With Lambdaj, you could express this as

List sortedByAgePersons = sort(persons, on(Person.class).getAge());

Check out more features at http://code.google.com/p/lambdaj/wiki/LambdajFeatures.

FunctionalJava

FunctionalJava solves the syntax verbosity problem by using the Java 7 BGGA proposal syntax. This adds closures as a part of the language dialect. However, this requires a pass with a pre compiler to render compilable Java code.
This is an example of code that adds 42 to each element in the array.

final Array a = array(1, 2, 3);
final Array b = a.map({int i => i + 42});
arrayShow(intShow).println(b); // {43,44,45}

Noteworthy is that solution also heavily relies on static imports. Check out more example at http://functionaljava.org/examples/1.5/

My thoughts

In the end though, due to the lack of anonymous functions in Java today, the best choice to program in a functional way is probably to stick to Scala, Clojure, Groovy or another of the JVM languages that has inherent support for this style until Java 8. With what we got today in Java you can still use many of the functional concepts like preferring immutable data, avoiding side effects and more.

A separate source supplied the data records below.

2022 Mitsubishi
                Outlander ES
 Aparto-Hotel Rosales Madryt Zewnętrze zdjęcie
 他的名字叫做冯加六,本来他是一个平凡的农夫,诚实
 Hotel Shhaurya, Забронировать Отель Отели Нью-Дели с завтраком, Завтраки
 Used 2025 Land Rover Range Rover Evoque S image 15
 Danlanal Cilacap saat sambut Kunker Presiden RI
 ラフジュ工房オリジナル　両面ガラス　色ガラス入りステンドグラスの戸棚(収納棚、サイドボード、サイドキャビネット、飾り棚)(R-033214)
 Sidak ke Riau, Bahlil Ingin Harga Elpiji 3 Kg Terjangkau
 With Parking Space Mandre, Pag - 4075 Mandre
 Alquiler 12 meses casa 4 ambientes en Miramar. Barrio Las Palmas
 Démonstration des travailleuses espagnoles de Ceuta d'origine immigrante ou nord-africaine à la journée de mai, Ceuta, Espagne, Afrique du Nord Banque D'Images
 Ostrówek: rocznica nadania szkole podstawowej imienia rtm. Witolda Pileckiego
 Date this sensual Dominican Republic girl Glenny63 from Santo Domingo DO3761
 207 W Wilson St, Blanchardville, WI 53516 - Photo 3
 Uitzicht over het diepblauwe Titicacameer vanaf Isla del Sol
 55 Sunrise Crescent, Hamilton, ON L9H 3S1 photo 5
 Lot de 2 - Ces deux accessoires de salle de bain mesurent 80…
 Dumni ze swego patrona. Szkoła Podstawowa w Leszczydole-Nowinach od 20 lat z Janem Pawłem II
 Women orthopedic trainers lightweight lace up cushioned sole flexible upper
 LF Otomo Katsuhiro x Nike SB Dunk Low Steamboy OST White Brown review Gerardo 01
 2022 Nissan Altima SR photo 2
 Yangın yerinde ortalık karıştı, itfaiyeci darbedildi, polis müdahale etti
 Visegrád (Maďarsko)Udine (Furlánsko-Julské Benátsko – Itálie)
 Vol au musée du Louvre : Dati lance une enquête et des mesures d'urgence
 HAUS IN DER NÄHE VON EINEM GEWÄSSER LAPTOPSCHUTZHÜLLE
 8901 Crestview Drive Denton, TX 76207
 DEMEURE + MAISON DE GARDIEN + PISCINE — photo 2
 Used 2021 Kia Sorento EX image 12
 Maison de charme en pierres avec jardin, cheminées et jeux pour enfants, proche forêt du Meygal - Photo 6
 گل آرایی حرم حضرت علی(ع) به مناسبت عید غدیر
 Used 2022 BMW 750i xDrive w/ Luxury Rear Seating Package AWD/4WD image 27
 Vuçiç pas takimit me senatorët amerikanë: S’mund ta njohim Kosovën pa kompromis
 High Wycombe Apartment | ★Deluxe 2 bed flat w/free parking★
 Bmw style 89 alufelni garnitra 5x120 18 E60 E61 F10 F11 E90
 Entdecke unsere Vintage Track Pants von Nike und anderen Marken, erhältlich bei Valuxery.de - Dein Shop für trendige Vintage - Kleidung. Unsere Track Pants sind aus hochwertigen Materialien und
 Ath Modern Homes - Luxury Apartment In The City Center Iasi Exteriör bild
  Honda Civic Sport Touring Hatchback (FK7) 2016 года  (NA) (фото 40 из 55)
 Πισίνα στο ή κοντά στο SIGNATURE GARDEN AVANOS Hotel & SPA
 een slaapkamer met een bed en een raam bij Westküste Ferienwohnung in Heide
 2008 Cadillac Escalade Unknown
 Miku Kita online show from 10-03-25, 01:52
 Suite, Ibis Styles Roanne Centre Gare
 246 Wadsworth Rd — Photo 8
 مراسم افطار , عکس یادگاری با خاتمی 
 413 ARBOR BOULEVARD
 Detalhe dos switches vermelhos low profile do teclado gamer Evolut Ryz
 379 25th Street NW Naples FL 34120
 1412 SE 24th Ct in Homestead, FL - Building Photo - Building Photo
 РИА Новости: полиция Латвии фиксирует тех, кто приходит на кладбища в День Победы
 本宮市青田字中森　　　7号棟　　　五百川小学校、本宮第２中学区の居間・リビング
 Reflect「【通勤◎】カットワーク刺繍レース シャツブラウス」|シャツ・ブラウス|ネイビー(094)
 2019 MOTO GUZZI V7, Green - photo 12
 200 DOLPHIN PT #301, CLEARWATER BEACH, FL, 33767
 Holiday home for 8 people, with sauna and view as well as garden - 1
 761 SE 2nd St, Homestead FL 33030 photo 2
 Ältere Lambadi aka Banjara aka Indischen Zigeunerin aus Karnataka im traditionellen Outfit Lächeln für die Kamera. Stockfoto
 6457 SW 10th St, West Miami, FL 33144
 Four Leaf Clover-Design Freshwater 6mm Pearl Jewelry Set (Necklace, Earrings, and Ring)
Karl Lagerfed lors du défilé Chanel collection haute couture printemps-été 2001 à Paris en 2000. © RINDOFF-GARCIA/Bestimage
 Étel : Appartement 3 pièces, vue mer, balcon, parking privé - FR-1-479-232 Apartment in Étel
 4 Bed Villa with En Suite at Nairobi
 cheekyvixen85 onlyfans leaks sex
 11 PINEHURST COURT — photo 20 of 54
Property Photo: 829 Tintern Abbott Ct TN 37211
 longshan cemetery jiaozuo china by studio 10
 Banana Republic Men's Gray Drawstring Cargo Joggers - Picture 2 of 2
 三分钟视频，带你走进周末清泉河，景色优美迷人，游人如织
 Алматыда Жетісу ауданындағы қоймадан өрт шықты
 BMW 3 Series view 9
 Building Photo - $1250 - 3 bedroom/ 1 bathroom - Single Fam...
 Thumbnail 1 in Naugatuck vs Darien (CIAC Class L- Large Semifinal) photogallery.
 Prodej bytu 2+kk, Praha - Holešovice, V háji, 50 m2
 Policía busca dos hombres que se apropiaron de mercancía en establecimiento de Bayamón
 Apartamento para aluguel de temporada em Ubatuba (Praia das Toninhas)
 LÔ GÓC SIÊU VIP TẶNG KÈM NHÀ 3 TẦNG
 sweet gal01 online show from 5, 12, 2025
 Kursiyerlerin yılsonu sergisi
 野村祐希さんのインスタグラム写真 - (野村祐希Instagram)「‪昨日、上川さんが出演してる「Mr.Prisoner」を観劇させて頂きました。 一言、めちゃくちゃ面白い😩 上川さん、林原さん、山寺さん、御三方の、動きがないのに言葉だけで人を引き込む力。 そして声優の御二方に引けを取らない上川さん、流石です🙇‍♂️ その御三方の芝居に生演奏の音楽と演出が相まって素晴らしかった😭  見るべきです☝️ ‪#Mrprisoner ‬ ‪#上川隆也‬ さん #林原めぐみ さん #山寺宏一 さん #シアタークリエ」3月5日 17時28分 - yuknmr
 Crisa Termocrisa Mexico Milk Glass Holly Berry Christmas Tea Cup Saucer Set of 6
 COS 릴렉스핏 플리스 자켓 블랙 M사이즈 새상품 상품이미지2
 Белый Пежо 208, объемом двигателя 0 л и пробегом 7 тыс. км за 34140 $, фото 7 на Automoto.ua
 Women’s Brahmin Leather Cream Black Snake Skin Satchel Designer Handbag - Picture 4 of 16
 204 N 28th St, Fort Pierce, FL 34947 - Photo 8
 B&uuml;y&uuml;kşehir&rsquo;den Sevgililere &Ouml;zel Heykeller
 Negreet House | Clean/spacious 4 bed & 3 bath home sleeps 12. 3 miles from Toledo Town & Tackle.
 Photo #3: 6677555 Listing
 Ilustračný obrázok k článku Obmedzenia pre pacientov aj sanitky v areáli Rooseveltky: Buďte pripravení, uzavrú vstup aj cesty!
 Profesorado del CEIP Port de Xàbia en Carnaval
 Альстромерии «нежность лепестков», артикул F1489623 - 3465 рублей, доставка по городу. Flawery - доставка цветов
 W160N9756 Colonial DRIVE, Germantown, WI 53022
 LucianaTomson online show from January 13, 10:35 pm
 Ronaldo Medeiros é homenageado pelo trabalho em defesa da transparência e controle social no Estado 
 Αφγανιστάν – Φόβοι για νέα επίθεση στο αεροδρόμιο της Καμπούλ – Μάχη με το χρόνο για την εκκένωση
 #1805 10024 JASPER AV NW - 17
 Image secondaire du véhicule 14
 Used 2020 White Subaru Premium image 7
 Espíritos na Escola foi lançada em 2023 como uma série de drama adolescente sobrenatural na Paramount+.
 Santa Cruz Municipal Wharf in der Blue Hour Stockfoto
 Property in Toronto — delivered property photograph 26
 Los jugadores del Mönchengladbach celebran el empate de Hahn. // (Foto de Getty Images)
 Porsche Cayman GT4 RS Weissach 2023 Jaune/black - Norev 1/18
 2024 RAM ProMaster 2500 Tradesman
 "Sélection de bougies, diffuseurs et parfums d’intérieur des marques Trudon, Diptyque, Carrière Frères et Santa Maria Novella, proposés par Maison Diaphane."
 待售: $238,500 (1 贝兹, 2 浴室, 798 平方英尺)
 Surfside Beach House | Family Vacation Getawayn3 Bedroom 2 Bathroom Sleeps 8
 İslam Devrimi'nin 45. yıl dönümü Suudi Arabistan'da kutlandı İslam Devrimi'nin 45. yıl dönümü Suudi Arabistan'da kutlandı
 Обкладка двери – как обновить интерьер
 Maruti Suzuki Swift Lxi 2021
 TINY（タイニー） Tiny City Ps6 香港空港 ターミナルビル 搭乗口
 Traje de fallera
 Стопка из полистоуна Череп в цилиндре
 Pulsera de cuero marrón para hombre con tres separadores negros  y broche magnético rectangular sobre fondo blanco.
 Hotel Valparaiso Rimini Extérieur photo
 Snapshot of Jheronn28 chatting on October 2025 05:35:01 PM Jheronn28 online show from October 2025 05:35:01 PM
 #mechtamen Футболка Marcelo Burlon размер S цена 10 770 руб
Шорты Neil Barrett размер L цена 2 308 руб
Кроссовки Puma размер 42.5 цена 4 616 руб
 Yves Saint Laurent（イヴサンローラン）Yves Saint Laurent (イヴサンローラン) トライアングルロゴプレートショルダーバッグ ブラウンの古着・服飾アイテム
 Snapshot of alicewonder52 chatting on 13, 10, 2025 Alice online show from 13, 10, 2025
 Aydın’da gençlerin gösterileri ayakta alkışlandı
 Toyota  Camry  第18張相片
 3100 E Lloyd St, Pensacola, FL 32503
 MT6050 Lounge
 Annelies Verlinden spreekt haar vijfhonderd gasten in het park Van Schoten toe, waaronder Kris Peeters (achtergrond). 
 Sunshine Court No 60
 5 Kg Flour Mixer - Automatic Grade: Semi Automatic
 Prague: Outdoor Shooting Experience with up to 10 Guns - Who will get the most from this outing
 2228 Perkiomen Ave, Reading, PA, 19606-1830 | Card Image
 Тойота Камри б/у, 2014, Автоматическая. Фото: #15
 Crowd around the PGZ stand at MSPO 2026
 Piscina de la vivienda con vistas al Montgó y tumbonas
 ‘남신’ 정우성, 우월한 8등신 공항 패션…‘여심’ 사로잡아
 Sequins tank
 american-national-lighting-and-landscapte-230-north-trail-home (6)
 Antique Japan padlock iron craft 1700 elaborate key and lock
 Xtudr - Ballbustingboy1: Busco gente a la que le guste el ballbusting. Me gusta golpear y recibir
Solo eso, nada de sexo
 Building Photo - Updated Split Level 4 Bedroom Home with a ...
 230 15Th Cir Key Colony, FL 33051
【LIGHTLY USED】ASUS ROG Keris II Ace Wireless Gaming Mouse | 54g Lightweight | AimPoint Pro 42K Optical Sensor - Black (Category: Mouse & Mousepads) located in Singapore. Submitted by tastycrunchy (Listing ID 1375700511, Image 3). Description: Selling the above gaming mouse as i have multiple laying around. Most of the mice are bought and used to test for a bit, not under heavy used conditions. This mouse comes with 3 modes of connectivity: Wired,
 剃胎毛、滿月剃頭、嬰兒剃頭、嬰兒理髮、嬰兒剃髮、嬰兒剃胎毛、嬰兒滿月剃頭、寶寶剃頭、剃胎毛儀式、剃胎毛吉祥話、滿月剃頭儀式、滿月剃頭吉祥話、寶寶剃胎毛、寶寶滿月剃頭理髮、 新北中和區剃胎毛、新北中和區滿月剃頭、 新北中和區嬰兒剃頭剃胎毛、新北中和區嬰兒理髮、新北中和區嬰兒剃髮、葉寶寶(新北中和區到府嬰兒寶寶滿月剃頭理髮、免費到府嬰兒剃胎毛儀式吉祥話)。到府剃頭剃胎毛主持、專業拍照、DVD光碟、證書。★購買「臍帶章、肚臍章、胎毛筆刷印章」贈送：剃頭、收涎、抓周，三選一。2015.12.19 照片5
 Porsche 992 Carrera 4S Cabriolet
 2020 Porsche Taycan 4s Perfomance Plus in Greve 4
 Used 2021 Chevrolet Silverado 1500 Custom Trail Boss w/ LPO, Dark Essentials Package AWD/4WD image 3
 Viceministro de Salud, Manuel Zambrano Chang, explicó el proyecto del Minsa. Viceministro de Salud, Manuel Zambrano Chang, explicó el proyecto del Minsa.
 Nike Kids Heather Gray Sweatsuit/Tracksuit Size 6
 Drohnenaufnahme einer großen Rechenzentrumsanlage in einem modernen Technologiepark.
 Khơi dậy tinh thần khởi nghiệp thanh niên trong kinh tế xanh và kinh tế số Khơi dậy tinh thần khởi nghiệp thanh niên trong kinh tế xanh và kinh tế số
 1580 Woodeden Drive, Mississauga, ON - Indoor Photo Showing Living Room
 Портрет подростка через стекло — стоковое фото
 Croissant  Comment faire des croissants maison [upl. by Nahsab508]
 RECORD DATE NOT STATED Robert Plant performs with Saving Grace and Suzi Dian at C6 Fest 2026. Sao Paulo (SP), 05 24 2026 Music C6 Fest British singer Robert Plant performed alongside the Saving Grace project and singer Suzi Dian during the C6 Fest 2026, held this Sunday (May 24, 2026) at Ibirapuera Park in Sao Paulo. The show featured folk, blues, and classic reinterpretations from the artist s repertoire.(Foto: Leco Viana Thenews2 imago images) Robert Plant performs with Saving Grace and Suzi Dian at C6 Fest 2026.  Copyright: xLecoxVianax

The above mentioned alternatives are just a few of what’s out there. But common among them are either that you must rely on preprocessing some functional dialect of Java to produce compilable Java code or to use a verbose syntax like Guava. In my opinion these tradeoffs effect on readability, maintainability and possibly portability just isn’t worth it.

* The views expressed in this article are those of the author and do not necessarily represent the views of, and should not be attributed to, Jelastic or its technology and distribution partners.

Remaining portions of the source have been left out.